Estimates suggest that seasonal influenza epidemics can affect up to 15 percent of the population with enormous economic consequences. Estimated costs of a US influenza pandemic, for example, would be more than $100 billion. Vaccinating 60 percent of the US population would substantially reduce the costs and the number of deaths. Such a high vaccination rate may be difficult to achieve within the time period required for vaccine effectiveness. Another challenge: opposition to vaccinations by some groups and individuals.
Health recommendations widely promoted are too often not followed. The most effective way to prevent the disease’s spread is comprehensive influenza vaccination programs across countries, and the World Health Organization urges people, especially those in high-risk groups such as the elderly, to get a yearly vaccine. Other precautions include regular hand washing and cough etiquette. The healthy should avoid people who are sick, and the ill should stay at home – resting and drinking plenty of fluids are advised until at least 24 hours after fever is gone, consulting a physician for complications.

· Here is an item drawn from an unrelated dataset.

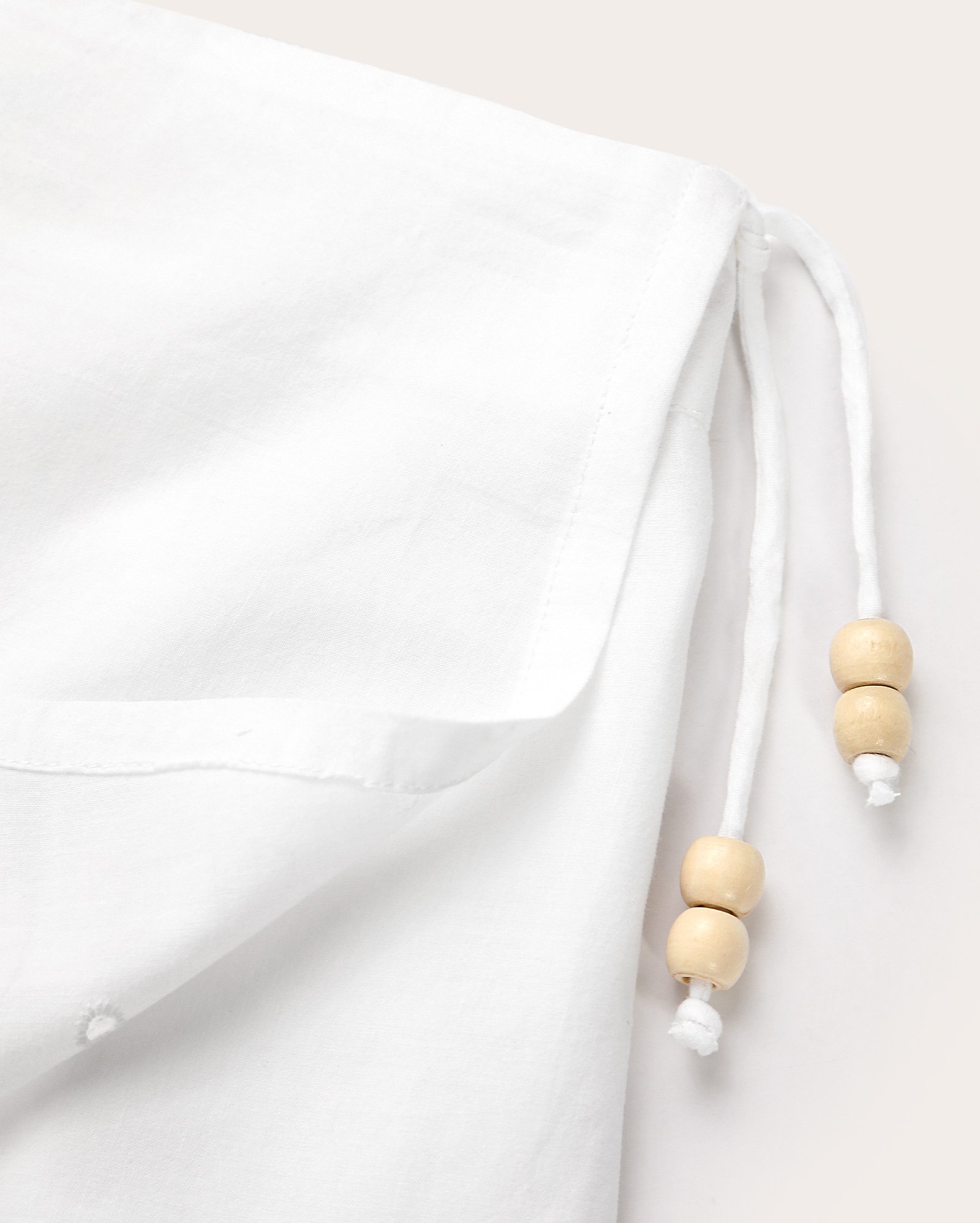 Short-saia juvenil em laise com amarração branco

In 2003 the World Health Assembly adopted a resolution urging countries to increase influenza vaccination coverage of all people at high risk and to attain 75 percent coverage among the elderly by 2010. Available data for 2015 on seasonal influenza vaccination rates for the elderly show wide variation among countries. Among 26 OECD countries, for example, none achieved the recommended vaccination rate of 75 percent for elderly except South Korea at 82 percent. Only five countries, the United Kingdom, the United States, New Zealand, the Netherlands and Israel, had vaccinated at least two-thirds of their elderly populations.
Research suggests another influenza pandemic is inevitable, remaining a global threat, and the world is poorly prepared, even wealthy advanced economies. US hospitals, for example, lack adequate medical supplies for a serious flu epidemic and have contended with funding cuts in public health budgets over the past 15 years. Despite repeated recommendations from military, national security, biodefense and public health experts, political leaders fail to increase funding to prepare for an influenza pandemic.

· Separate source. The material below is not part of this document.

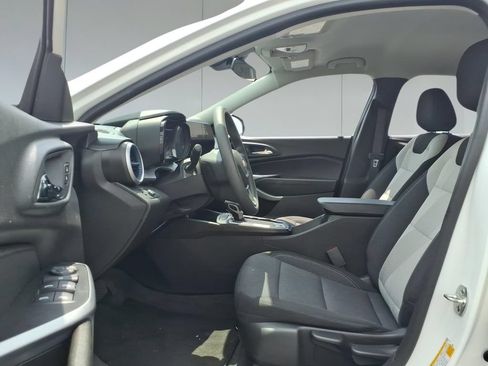 Used 2026 Chevrolet Trax LS FWD image 15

Consequences of an influenza pandemic are expected to be more severe in developing countries than developed countries. More people in wealthier countries are likely to have access to influenza vaccines and can afford antiviral drugs while poorer countries do not. In short, the wealthy countries will be too busy dealing with the pandemic among their own populations to address the needs of the poor nations.
Public health specialists have already identified the only solution to avoiding a devastating global influenza pandemic – a universal flu vaccine that protects people against essentially all or most strains of flu, with protection lasting for years or perhaps even a lifetime. Such a vaccine is likely in the near future, based on recent medical advances. For years, researchers have sought a “super-shot” that could replace the annual vaccination and protect the world’s population against most influenza strains – a herculean task against a virus that constantly evolves. Despite the formidable challenges, a universal flu vaccine is humanity’s only way to avoid a global influenza pandemic. Until then, robust immunization programs in all countries are urged.
*Joseph Chamie is an independent consulting demographer and a former director of the United Nations Population Division.